Many researchers have demonstrated that plant growth is severely impacted by Ni deficiency when urea is the sole N source. Nickel-deficient plants accumulate toxic levels of urea in leaf tips because of reduced urease activity. Nickel deficiency causes severe disruption in N metabolism, and other metabolic processes exhibited as leaf tip necrosis, marginal chlorosis of leaves, and premature leaf drop. Nickel is mobile in plants. Hence, deficiency symptoms first appear in the older leaves. Nickel deficiency has not been seen in soil-grown plants. Nickel is abundant in the soil with concentrations varying from 5 to 500 mg Ni per kg (ppm). At pH <6.5, most Ni compounds are relatively soluble. Nickel is absorbed as Ni2+ and competes with other divalent cations, such as Ca, Mg, Fe, Zn, and Mn. Nickel toxicity can be associated with biosolids application or industrial pollution, and toxicity is more common in acid soils. Application of biosolids to horticultural crops is the most common cause of Ni accumulation in the soil. Soil concentrations can range from 24,000 to 53,000 ppm Ni in soil near metal refineries or in dried biosolids, respectively. Optimum concentration in leaf dry matter of most crops ranges between 0.08–0.22 ppm.
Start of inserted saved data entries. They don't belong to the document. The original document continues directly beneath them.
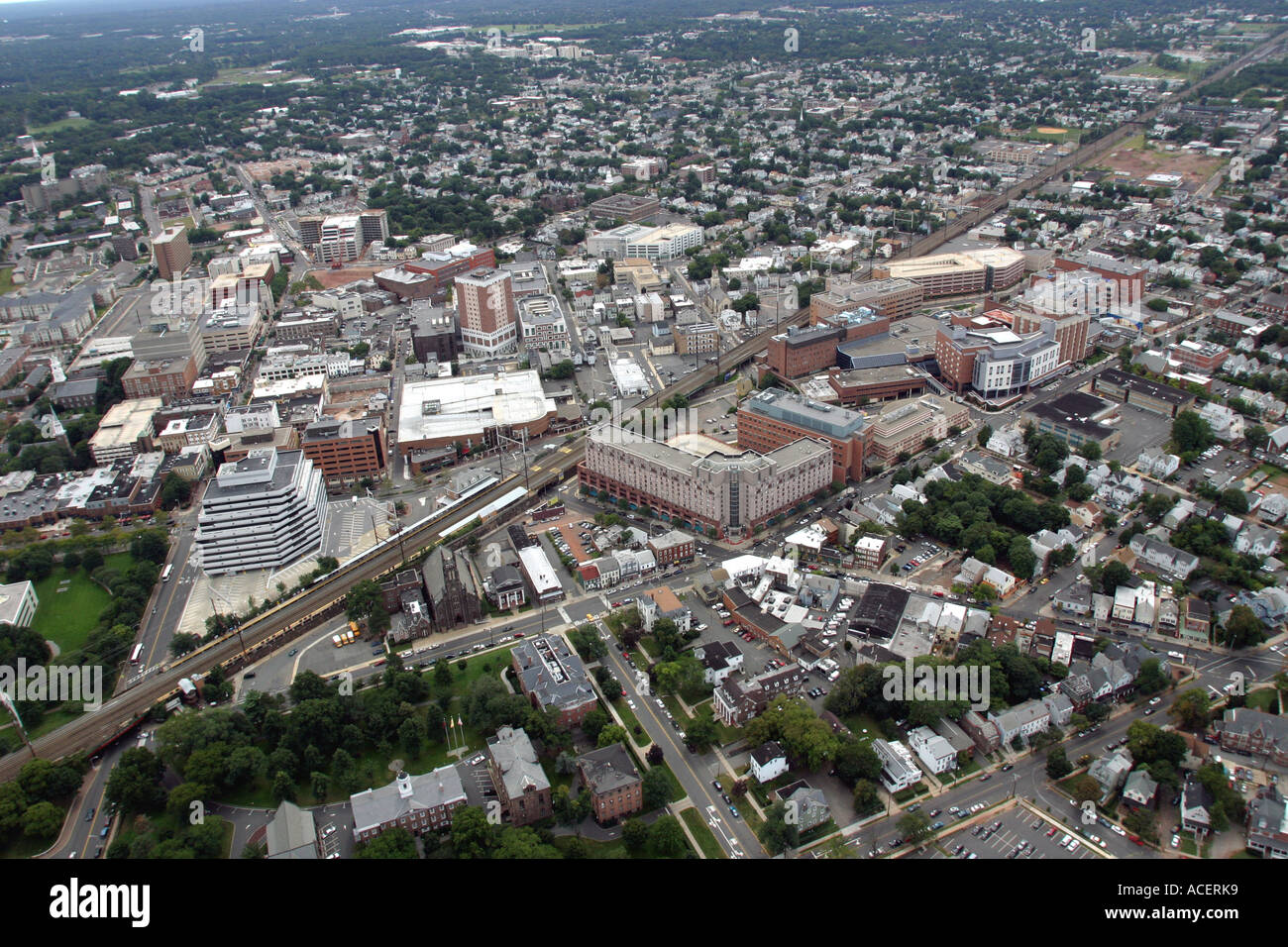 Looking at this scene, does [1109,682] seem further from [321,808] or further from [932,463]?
[321,808]

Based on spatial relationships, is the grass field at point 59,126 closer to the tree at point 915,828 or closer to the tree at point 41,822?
the tree at point 41,822

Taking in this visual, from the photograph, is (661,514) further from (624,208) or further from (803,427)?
(624,208)

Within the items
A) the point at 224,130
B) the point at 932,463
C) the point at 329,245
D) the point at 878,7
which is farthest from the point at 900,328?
the point at 878,7

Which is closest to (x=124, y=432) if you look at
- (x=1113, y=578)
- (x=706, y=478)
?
(x=706, y=478)

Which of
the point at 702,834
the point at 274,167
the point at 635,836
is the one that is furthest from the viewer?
the point at 274,167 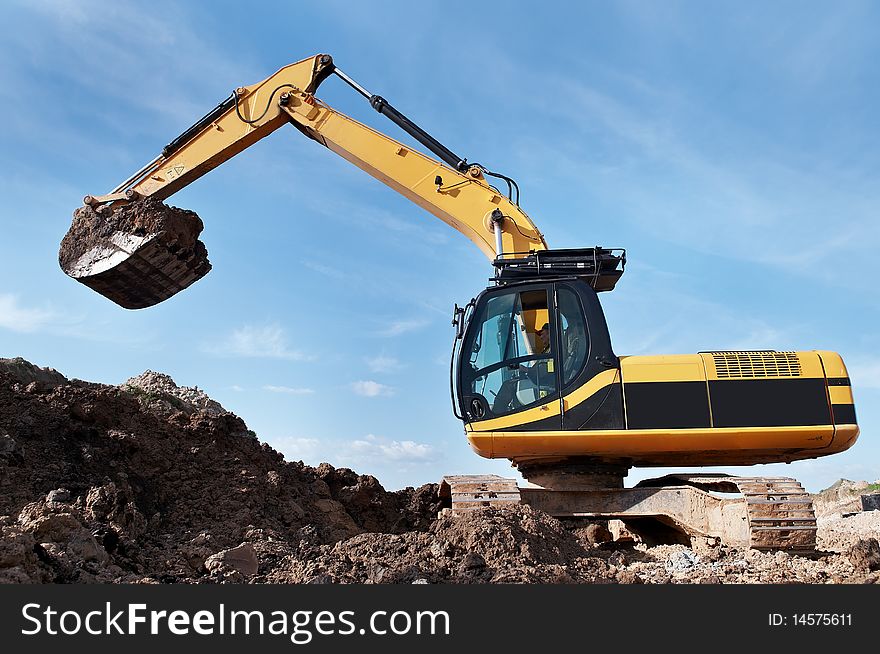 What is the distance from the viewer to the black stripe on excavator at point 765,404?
7.19 metres

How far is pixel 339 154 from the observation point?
31.2 ft

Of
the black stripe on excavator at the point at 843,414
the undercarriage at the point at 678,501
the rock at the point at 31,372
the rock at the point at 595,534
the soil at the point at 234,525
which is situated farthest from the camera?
the rock at the point at 31,372

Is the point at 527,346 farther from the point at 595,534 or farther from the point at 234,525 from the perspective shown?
the point at 234,525

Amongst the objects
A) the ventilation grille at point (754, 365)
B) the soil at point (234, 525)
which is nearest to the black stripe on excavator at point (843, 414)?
the ventilation grille at point (754, 365)

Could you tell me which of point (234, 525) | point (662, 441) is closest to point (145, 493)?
point (234, 525)

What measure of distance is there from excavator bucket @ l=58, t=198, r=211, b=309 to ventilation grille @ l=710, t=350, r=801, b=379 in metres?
6.07

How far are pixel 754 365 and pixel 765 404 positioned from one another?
0.37 metres

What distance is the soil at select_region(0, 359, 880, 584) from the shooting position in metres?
5.34

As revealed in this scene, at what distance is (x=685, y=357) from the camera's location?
24.2 ft

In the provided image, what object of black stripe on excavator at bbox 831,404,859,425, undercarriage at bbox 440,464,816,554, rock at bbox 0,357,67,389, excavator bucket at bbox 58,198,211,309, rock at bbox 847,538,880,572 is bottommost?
rock at bbox 847,538,880,572

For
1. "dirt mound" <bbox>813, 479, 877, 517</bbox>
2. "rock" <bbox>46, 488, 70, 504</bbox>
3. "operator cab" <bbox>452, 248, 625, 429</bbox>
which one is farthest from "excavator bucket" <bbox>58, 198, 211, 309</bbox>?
"dirt mound" <bbox>813, 479, 877, 517</bbox>

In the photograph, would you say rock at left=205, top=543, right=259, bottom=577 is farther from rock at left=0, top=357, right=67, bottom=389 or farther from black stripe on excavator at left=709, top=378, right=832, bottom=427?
rock at left=0, top=357, right=67, bottom=389

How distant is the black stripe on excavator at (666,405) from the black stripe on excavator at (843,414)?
1188 mm

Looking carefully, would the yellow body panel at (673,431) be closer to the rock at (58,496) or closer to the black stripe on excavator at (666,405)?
the black stripe on excavator at (666,405) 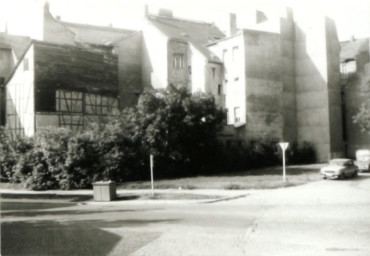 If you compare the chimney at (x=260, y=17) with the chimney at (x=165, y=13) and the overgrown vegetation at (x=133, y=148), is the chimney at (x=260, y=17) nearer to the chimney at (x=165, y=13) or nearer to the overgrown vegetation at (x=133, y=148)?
the chimney at (x=165, y=13)

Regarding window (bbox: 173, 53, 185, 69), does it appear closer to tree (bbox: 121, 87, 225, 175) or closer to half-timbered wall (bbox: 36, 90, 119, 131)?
half-timbered wall (bbox: 36, 90, 119, 131)

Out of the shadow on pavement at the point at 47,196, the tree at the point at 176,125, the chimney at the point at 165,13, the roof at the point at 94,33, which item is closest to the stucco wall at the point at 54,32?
the roof at the point at 94,33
Supplying sufficient nutrition should be a high-priority management practice for every grower. An appropriate nutrient balance using fertilizer management is necessary to achieve sufficient plant nutrition for best fruit yield and quality. If an element is below the critical level, yield production will fall—even though the other elements are kept in good supply. Balanced use of plant nutrients corrects nutrient deficiencies and toxicities; improves soil fertility; increases nutrient- and water-use efficiency; enhances crop yields and fruit quality; develops tree tolerance to pests, diseases, and other stresses; and improves environmental quality.